Personal information
- Born: February 8, 1981 (age 45) Houston, Texas, U.S.
- Listed height: 6 ft 1 in (1.85 m)
- Listed weight: 216 lb (98 kg)

Career information
- High school: Lamar (Houston, Texas)
- College: Notre Dame
- NFL draft: 2003: 6th round, 182nd overall

Career history
- Baltimore Ravens (2003–2004); Indianapolis Colts (2004–2005); Baltimore Ravens (2006–2007);

Career NFL statistics
- Total tackles: 111
- Sacks: 2
- Fumble recoveries: 1
- Stats at Pro Football Reference

= Gerome Sapp =

American football player (born 1981)

Gerome Daren Sapp (born February 8, 1981) is an American former professional football player who was a safety in the National Football League (NFL). He was selected by the Baltimore Ravens in the sixth round of the 2003 NFL draft. He played college football for the Notre Dame Fighting Irish.

==Early life==
Sapp attended Lamar High School where he was an All-American and was in the USA Today for the 100 top football players in his class. He participated in the Texas vs.

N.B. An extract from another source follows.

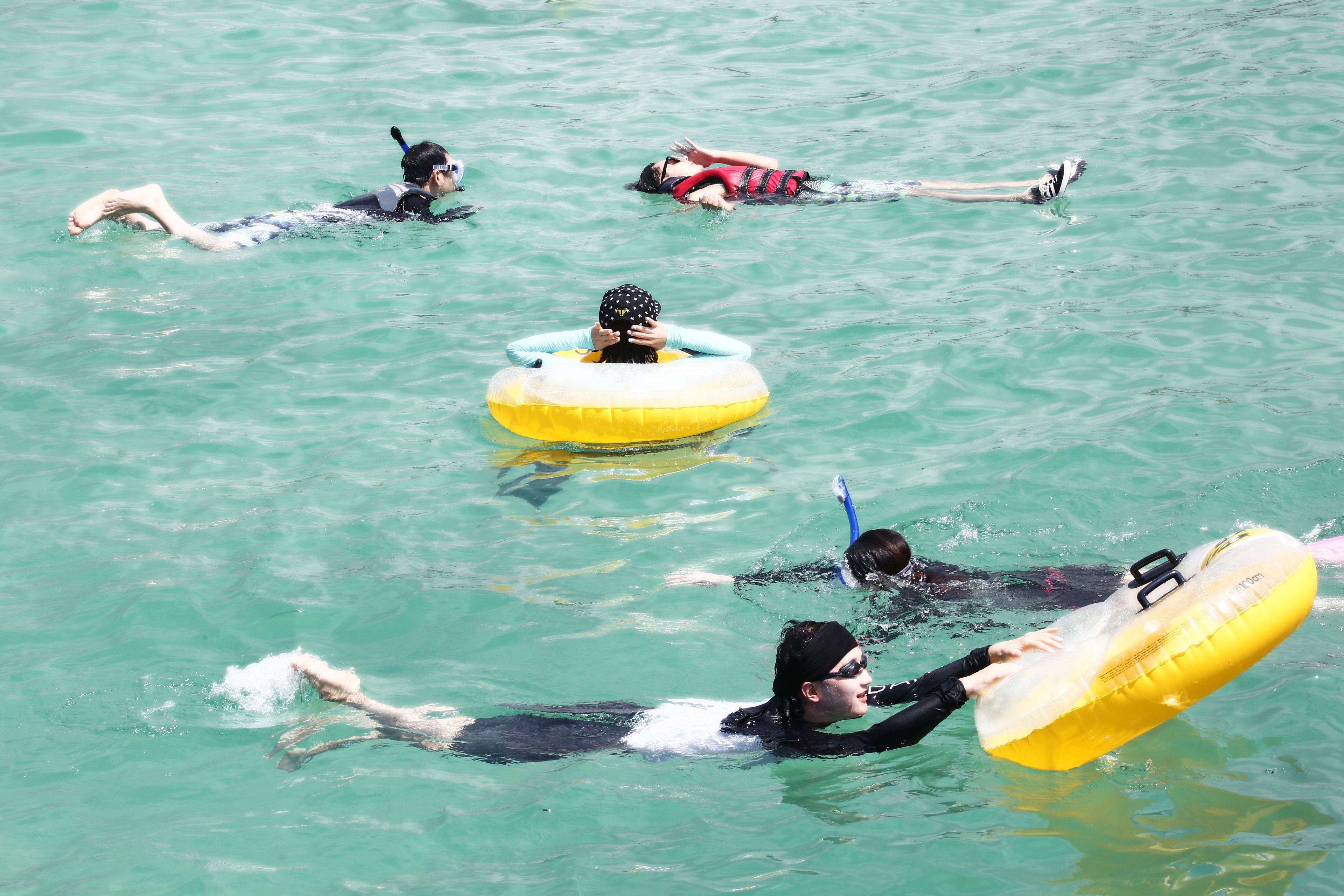 Un groupe de personnes flottant sur l’eau à l’aide de bouées gonflables.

California High School Football All-Star game.

==College career==
Sapp attended the University of Notre Dame, and finished his college football career with 155 tackles, 3 fumble recoveries and 5 INTs, adding 9 passes defended and 1 forced fumble.

==Professional career==
Sapp was selected in the sixth round with the 182nd overall pick in the 2003 NFL draft by the Baltimore Ravens and would later play for the Indianapolis Colts before going back to Baltimore. Through his career, Sapp had 111 tackles.